619 Baldwin Street

The first July meeting of the Bridgeville High School Brunch Club was a red-letter event, enhanced by the arrival of John Rosa for the summer. John, whom we fellow members of the Class of 1949 knew as “Yunner”, moved to Arizona fifty years ago, but comes back for an extended visit each year and is welcomed with open arms.

John has always been a popular, outgoing guy and probably has more close friends in the Bridgeville area than any pair of us combined. He was a key member of the Baldwin Street clique in our class, a clique that also included Don Toney and Ray Fagan. Consequently, the conversation focused on the good old days on Baldwin Street and the tragedy of its recent decline.

The discussion heated up when Tom Grossi reported that Don Toney’s boyhood home at 619 Baldwin Street has just been demolished as part of the Borough’s campaign against blight. I have been aware of the program but had no idea this house would be included. For me it has always been a symbol of the story of the penniless immigrant achieving the Great American Dream.

Murray Toney emigrated to this area in 1910 with absolutely no resources. He immediately began selling dry goods door to door in the Carnegie/Bridgeville area. By 1914 he had built his business sufficiently to open a family clothing store in Bridgeville. His tales of his career as a peddler were classic. Most of his customers were residents of the “mine patch towns up Millers Run”. Sales were done on credit; the coal miners lived from payday to payday. Initially his accounting system was to scribble debts on the fences in front of his customers’ homes; one can imagine his dismay one month when the company chose to paint all the fences in town!

Eventually the Toney family acquired the property at 619 Baldwin Street, a handsome two and a half story brick house that was big enough to provide a home for the family, one store front for Tom Toney’s barber shop, one store front for Murray Toney’s clothing store, and several apartments for renters. The apartments were in a first-floor extension in the back, in the third-floor attic, and occasionally in the basement. Don remembers a tenant floating on a mattress in the basement apartment during the big flood in 1940.

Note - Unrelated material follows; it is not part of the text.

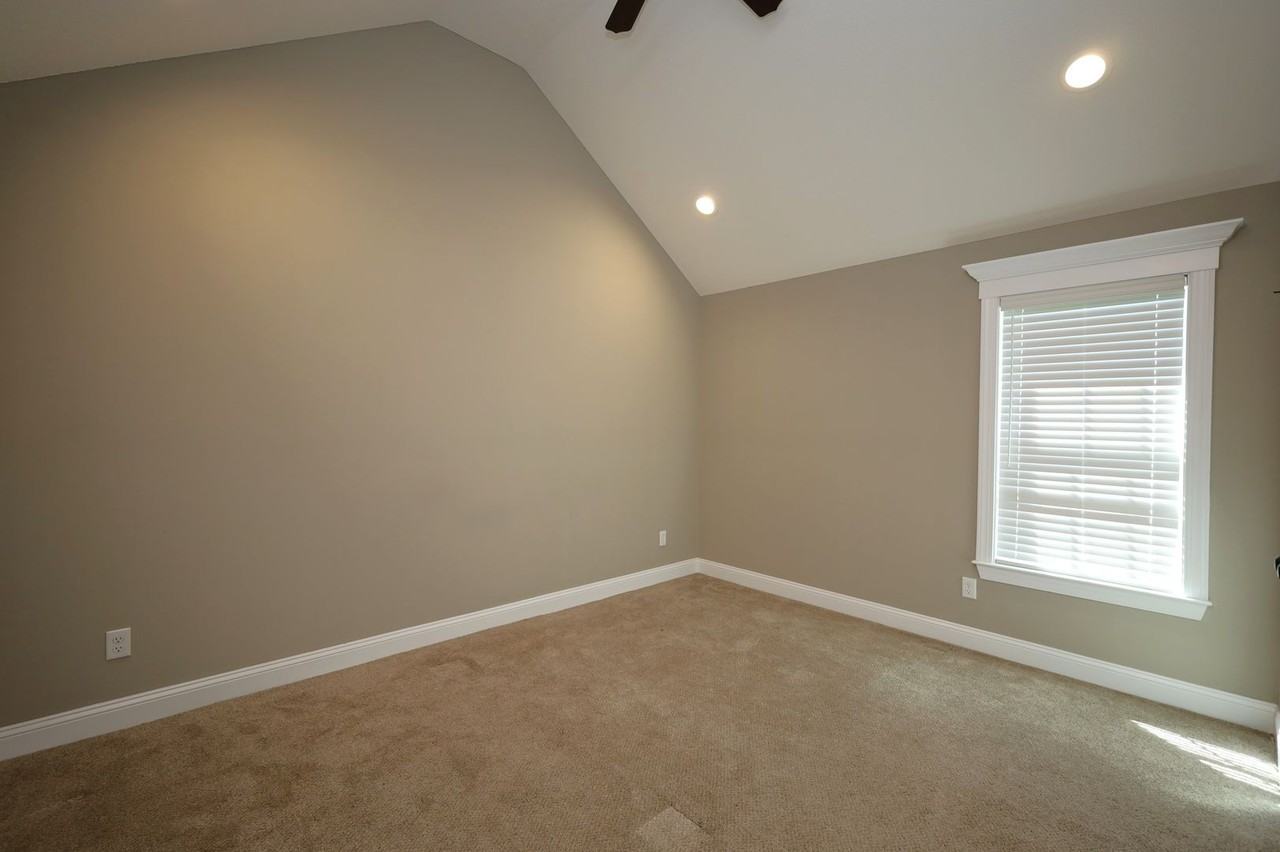 124 Floyd Mcneal Dr - Photo 7 of 13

Murray Toney operated his store until he retired in 1955 at the age of seventy-five. He was a major figure in the Syrian/American community, helping many other immigrants get their start in the New World. He was a founder of the St. George Antiochian Orthodox Church in Bridgeville as well as being involved in acquiring the property in South Fayette where the new church was recently constructed. He died in 1991 at the age of 110, leaving a remarkable legacy.

Outlined in brick on the front of the house was the date 1916; presumably that is the year it was built. The contrast between the permanence of this house and the fragility of the door to door dry goods peddler who ultimately lived there exemplifies everything that was positive about our society a century ago. Seeing it disappear is almost sacrilegious.

The anti-blight campaign is funded by a $1,236,200 grant from FEMA (Federal Emergency Management Agency), an agency within the Department of Homeland Security with the primary responsibility of providing emergency assistance to communities affected by natural disasters. A secondary responsibility is to minimize the impact of flooding by insurance (the National Flood Insurance Program) or by funding the removal of structures that are in recognized flood plains.

A flood plain is defined as an area that has a one percent probability of being flooded in any given year. The FEMA flood plain map for Bridgeville indicates that all the houses on Baldwin Street and McLaughlin Run Road are in this category. Anyone familiar with this area is well acquainted with the problem of flooding from McLaughlin Run. The earliest recorded flood was in late July,1874, when a downpour produced ten fatalities. The replacement of farms and woodlots by non-permeable buildings and streets, without adequate detention capability, has aggravated the problem significantly.

We have had Senior Design Project teams at Pitt study McLaughlin Run on two separate occasions. They easily confirmed that the existing channel was inadequate to transfer storm-water runoff from the FEMA design storm without flooding. Their recommendations included installation of detention ponds upstream (in Upper St. Clair Township), installing trash racks to limit debris transport, adding retaining walls to increase the stream bed cross section, and replacing the Bower Hill Road and Commercial Street bridges.

Part of this has occurred. McLaughlin Park has been converted into a small detention pond and trash racks put in place. There are plans to add retaining walls and to replace the bridges. The net effect of all these improvements is a minor reduction in the flood plain area; most of the properties are still included. It is not clear how the seven properties that have been condemned and demolished were selected; perhaps they have already suffered extensive damage from flooding. At any rate, their removal has produced seven interesting vacant lots.

FEMA requires these properties be used as “green space”, but doesn’t precisely define the term. In general, it implies vegetation – grass and trees – and precludes parking lots and new buildings. It certainly would be nice if the borough created seven well-manicured parklets and were able to maintain them. I suspect the neighborhood could use a playground, but is that green space? What about an urban garden? A century ago there would have been no shortage of folks eager to put out a garden on available space.

Perhaps these questions are premature. After all, the Borough is deep into the process of producing a Comprehensive Plan. Surely the long-term future of the Baldwin Street neighborhood will be an important component in it.